I screwed up the process so much. The dissertation was about the relationship between America's use of proxy armies, so foreign militaries and militias,
and the concept of political deception. And the basic idea that I argued was,
the more we lie about these relationships with proxy forces on the ground around the world,
internally within the government decision making process, but also to the public as
an act of political theater,
the more we lie,
the more costly the relationships ultimately become,
both fiscally and also in terms of the number of people that get killed
and how much we fuck up these situations abroad.
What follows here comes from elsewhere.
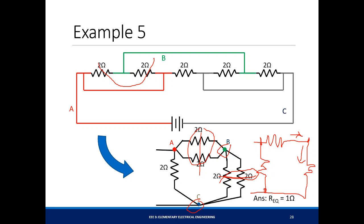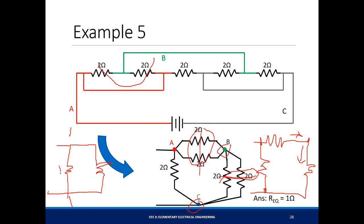Final example: simplify the network to find equivalent resistance seen by the battery. The top 2 Ω resistors are in parallel (1/2 + 1/2 = 1, R_eq = 1 Ω), and the bottom 2 Ω resistors are also in parallel giving 1 Ω. These two 1 Ω results are in series, giving 2 Ω. That 2 Ω is then in parallel with another 2 Ω, giving R_eq = 1 Ω. If you have any questions, comment on Facebook and we'll discuss there. See you next meeting.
So it was very much rooted in the Afghanistan experience.
Right.
The archetypal example being,
I embedded with General Dostum,
who was the head of the horseback, sword-wielding Uzbek warriors that we paid and gave guns to to rout the Taliban right after 9-11.
Yeah.
So I hung out with that guy and looked at, okay, all of this time we spent inside the government and outside the government calling him a hero while he was secretly filling up mass graves.
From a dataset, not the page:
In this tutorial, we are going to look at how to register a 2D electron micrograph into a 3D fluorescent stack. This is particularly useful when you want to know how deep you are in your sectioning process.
Where did that get us? And also, like eventually I imagine fortifying his own tribe,
getting involved with the opium business and what happened.
That guy is a trip.
Is that true though?
I'm just speculating.
Oh, yeah.
Oh, totally.
Your speculation is completely correct.
And by the time I ended up hanging out with him,
he was like really in declining
health and, um, he was always rumored to be an alcoholic and he definitely seemed out
of it.
Like he always had a cold where I couldn't see him until 10 PM and, and then there'd
be like, you know, dancing boys and martial arts competitions in his, in his chambers.
And, um, he had like grass everywhere and reindeer in his suite.
He's a colorful guy.
But also he'd drink some unidentified fluid
out of like a rhinestone encrusted Chanel mug.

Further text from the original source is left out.